10,000ft overview of how AlphaFold and its successor AlphaFold2 work: both how they predict structure and how they learn to predict structure. Graph showing CASP free modeling with RMSD Angstrom and years on X-axis. Precipitous drop after 2018! Speaker noted that you need to be below 3-4Å if you want to make biological inference. AlphaFold (v1) was the first to dip below 5Å.

Speaker noted that AlphaFold2 has shown indications it has:

  • Learned some measure of Physics.
  • Learned to generalize to unseen regions of structure space.
  • Not learned to generalize on structurally disruptive mutations.

Lecture was a discussion on each of these.

Part I: Measure of Physics

Observation 1: Multiple Sequence Alignment (MSA) 'sculpts' the "energy landscape" of the protein. This appeared to be like gradient descent but with energy. What if you didn't provide the model the MSA? It fails terribly! But what if you gave it a bunch of templates that varied in how they were dis/similar to the target structure (range 0, 1, the "Decoy TM Score")? Absent an MSA when you provide the model with a very good hypothesis/template, it's certain about its prediction (and vice-versa). That is to say it 'understands' something about protein structure, even absent an MSA. Maybe not the physics but some folding patterns.

Observation 2: In Structural Probe Experiments where MSA goes through 192 layers before a stucture is produced, they 'froze' the structure as it evolved through layers and didn't even note much of a difference! Why? The MSA is deep. Now if you make the MSA sparse, these shenanigans do not work!

Observation 3: In the Prediction of Multimeric Complexes, you pair the proteins by species because coevolution of residues (and not just not just intra but inter) and perform two separate predictions. Now the best result didn't come from pairing species! They just came from smushing two MSAs and giving it to the model and it Just Worked™. It understands something about how to build proteins and link them together.

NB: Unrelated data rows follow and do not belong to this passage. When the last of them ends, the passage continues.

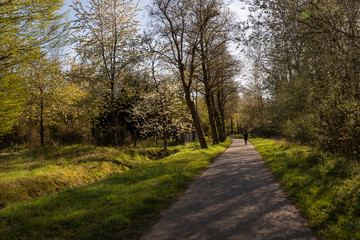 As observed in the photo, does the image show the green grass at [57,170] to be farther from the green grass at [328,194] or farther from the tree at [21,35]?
the green grass at [328,194]

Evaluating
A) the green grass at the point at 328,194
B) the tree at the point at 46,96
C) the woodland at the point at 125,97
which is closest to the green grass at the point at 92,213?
the woodland at the point at 125,97

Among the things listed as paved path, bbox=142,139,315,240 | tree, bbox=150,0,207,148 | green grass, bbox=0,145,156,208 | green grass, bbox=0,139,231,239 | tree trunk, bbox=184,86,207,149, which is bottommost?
paved path, bbox=142,139,315,240

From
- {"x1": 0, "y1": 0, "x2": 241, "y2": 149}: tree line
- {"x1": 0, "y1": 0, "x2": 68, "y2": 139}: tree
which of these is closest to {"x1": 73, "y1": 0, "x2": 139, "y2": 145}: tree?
{"x1": 0, "y1": 0, "x2": 241, "y2": 149}: tree line

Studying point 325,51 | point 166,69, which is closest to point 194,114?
point 166,69

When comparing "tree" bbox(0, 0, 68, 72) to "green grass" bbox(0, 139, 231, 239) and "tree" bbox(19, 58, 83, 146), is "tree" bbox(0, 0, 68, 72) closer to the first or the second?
"green grass" bbox(0, 139, 231, 239)

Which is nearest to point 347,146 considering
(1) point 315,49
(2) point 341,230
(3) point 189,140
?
(1) point 315,49

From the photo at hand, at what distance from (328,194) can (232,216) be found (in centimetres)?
264

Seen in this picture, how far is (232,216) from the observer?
5.05m

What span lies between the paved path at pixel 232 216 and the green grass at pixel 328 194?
28 centimetres

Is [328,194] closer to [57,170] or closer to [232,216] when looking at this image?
[232,216]

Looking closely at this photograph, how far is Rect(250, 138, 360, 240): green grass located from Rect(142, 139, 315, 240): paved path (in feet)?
0.92

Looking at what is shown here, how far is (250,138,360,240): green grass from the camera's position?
425cm

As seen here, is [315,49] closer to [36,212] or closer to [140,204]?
[140,204]

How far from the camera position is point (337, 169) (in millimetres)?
7906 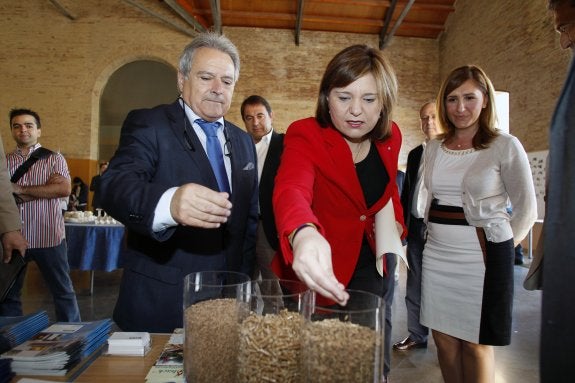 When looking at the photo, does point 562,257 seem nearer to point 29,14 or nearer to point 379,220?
point 379,220

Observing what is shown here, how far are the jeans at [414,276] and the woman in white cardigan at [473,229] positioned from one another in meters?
1.20

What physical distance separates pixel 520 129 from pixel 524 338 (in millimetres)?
6090

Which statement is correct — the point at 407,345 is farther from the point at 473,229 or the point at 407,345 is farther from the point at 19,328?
the point at 19,328

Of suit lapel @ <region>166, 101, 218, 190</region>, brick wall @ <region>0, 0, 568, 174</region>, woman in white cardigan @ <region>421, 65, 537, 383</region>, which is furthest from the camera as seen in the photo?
brick wall @ <region>0, 0, 568, 174</region>

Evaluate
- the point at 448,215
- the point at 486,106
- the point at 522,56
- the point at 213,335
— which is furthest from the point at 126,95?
the point at 213,335

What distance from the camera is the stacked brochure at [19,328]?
3.64ft

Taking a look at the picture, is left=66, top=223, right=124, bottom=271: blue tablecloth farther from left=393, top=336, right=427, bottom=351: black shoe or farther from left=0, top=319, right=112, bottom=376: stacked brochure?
left=0, top=319, right=112, bottom=376: stacked brochure

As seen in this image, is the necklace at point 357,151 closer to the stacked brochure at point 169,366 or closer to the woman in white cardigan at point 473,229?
the woman in white cardigan at point 473,229

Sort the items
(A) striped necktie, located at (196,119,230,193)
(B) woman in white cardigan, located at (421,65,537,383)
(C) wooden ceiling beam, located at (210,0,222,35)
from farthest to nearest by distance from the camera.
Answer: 1. (C) wooden ceiling beam, located at (210,0,222,35)
2. (B) woman in white cardigan, located at (421,65,537,383)
3. (A) striped necktie, located at (196,119,230,193)

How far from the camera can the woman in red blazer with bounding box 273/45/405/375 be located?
1.41 metres

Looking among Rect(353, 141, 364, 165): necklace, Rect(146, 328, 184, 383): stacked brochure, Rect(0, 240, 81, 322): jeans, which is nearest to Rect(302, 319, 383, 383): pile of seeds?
Rect(146, 328, 184, 383): stacked brochure

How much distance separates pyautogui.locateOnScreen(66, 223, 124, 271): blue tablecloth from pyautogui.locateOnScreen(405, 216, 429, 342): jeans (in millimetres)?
3781

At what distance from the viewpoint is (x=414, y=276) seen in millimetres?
3699

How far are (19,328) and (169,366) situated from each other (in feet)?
1.66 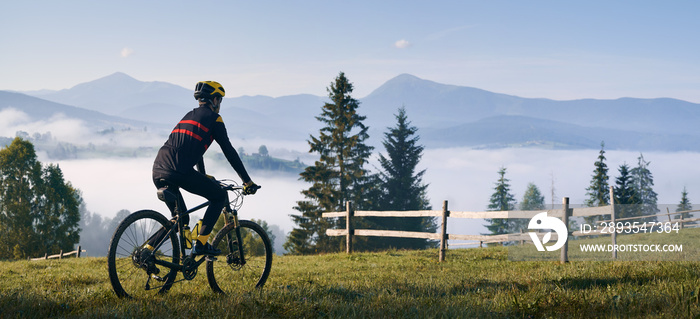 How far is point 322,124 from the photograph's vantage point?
4409cm

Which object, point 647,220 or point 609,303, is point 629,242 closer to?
point 647,220

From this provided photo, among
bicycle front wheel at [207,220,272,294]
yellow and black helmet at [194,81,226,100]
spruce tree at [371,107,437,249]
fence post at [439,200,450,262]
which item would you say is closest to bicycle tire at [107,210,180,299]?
bicycle front wheel at [207,220,272,294]

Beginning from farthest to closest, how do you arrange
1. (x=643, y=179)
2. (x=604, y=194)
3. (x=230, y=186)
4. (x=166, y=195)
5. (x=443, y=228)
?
(x=643, y=179), (x=604, y=194), (x=443, y=228), (x=230, y=186), (x=166, y=195)

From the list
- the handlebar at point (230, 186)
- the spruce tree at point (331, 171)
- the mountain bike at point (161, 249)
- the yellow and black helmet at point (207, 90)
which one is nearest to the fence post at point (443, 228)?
the mountain bike at point (161, 249)

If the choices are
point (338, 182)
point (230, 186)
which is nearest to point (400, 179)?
point (338, 182)

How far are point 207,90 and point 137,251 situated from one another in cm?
187

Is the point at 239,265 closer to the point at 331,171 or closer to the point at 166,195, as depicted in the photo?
the point at 166,195

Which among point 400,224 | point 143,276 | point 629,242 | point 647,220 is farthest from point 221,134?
point 400,224

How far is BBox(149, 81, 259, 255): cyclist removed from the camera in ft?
18.3

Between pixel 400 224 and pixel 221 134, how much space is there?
43.5 meters

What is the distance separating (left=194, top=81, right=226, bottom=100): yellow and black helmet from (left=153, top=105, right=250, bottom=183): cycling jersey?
0.23 m

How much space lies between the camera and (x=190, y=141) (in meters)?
5.59

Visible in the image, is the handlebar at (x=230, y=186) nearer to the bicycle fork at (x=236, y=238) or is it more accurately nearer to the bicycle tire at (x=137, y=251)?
the bicycle fork at (x=236, y=238)

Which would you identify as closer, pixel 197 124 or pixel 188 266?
pixel 197 124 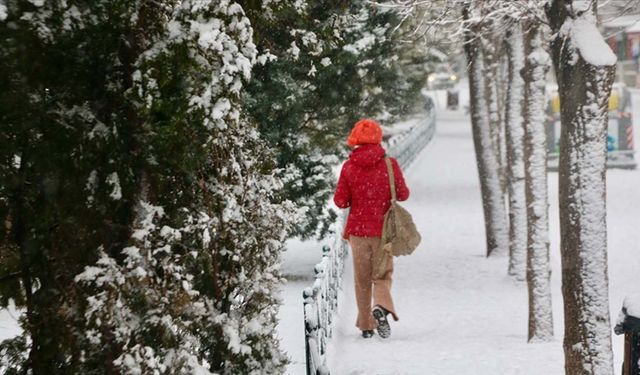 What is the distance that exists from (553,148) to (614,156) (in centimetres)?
164

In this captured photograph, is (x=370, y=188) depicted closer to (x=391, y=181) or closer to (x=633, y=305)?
(x=391, y=181)

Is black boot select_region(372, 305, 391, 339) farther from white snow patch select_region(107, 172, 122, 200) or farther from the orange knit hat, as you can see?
white snow patch select_region(107, 172, 122, 200)

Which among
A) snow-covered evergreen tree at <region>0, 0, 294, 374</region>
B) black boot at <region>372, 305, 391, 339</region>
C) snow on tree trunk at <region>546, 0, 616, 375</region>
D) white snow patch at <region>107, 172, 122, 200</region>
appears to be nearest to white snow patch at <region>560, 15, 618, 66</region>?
snow on tree trunk at <region>546, 0, 616, 375</region>

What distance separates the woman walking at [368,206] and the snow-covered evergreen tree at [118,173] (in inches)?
190

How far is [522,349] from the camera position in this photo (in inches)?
405

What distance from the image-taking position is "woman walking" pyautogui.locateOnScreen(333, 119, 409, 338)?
396 inches

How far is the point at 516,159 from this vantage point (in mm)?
14648

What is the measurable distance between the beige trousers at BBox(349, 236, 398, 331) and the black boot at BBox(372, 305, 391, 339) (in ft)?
0.14

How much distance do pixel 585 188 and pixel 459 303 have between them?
5657mm

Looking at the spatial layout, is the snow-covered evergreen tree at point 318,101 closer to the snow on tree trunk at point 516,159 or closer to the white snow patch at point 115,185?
the snow on tree trunk at point 516,159

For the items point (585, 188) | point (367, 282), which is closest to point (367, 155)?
point (367, 282)

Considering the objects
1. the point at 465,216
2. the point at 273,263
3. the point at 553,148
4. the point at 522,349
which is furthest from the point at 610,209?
the point at 273,263

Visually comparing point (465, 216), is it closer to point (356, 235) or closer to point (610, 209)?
point (610, 209)

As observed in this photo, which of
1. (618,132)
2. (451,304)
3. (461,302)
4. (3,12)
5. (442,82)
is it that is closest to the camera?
(3,12) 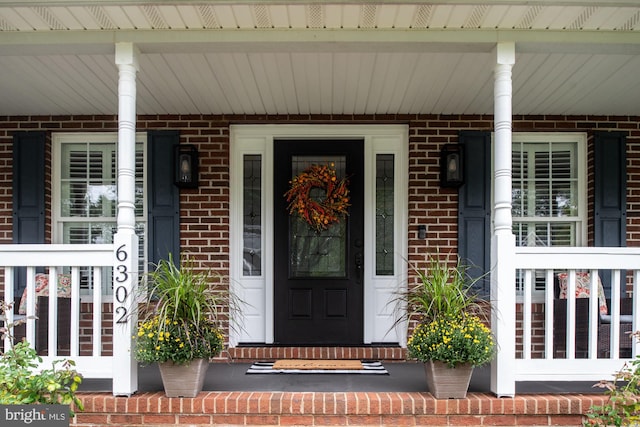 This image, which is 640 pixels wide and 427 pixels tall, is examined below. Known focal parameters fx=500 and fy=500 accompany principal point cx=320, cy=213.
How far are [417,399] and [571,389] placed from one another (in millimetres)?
1042

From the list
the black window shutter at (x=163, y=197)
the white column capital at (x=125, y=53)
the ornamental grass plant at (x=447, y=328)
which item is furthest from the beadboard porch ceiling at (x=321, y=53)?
the ornamental grass plant at (x=447, y=328)

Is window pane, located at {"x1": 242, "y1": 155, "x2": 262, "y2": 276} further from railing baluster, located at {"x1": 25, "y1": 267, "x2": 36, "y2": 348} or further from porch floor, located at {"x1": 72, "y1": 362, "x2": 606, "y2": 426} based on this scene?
railing baluster, located at {"x1": 25, "y1": 267, "x2": 36, "y2": 348}

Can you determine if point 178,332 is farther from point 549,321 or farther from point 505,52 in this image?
point 505,52

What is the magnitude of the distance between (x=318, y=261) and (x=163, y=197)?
4.92 feet

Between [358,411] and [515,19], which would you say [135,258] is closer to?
[358,411]

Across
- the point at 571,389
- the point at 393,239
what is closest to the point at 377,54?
the point at 393,239

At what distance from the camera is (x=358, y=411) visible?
2.94m

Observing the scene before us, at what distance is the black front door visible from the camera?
14.8ft

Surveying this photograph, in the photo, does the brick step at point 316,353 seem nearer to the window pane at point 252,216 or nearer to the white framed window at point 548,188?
the window pane at point 252,216

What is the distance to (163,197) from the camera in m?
4.45

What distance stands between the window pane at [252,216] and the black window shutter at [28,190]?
1775 millimetres

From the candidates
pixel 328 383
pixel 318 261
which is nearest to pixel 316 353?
pixel 318 261

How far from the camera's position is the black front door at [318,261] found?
4508 mm

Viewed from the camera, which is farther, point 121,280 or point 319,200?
point 319,200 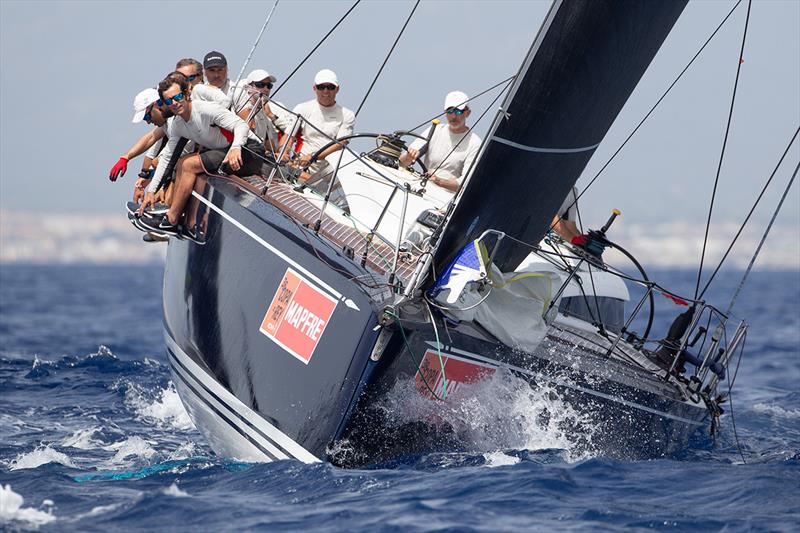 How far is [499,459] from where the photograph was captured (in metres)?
5.97

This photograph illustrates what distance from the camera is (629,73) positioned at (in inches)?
230

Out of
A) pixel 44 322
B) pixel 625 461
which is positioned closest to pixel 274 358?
pixel 625 461

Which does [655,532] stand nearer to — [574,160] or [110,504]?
[574,160]

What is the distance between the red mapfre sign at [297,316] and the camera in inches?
224

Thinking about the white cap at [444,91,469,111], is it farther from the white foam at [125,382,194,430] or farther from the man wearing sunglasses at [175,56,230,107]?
the white foam at [125,382,194,430]

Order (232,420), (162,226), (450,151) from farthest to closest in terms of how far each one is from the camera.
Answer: (450,151) < (162,226) < (232,420)

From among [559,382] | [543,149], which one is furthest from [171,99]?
[559,382]

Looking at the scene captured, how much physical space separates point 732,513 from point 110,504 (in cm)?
289

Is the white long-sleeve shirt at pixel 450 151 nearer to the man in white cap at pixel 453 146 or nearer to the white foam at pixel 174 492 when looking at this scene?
the man in white cap at pixel 453 146

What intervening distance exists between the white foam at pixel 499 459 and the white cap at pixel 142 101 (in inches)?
108

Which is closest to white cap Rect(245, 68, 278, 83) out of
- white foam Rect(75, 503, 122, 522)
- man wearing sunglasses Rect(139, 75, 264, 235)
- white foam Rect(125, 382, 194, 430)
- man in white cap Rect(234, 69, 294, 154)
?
man in white cap Rect(234, 69, 294, 154)

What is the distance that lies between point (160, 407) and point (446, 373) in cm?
383

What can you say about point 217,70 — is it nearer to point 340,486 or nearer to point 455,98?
point 455,98

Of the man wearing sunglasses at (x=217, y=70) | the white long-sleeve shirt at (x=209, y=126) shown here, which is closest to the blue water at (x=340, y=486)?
the white long-sleeve shirt at (x=209, y=126) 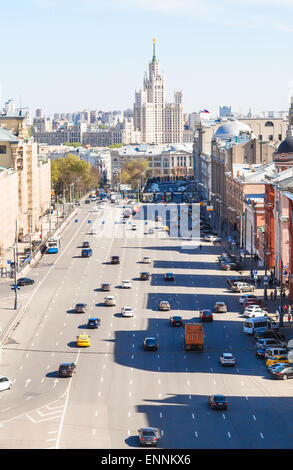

Part II: Generalize to Unseen Regions of Structure Space

Speaker's lab uses OpenFold Interlude a trainable implementation of AlphaFold. Full parity with weights from AlphaFold2. Discussion on how it is far more efficient at training and prediction compared to AlphaFold: fractions of data needed, much lower compute. The whole point of this was to say: If the model doesn't see spirals in my training set (which only contains sheets), what does it do? Speaker notes that this is not a sequence → structure model! It's an MSA to Structure model. The MSA encodes a LOT of structure implicitly.

Part III: Not Learned to Generalize on Structurally Disruptive Mutations

Note that mutation have minimal impact on predictions. Once again, the MSA comes to the rescue: it is almost adversarially trained to ignore minor sequence variations.

Small discussion on how the model trains. His models explore 1D, 2D, and 3D spaces, like they're learning space itself. Note that partially trained models show very fast convergence (> 90%)!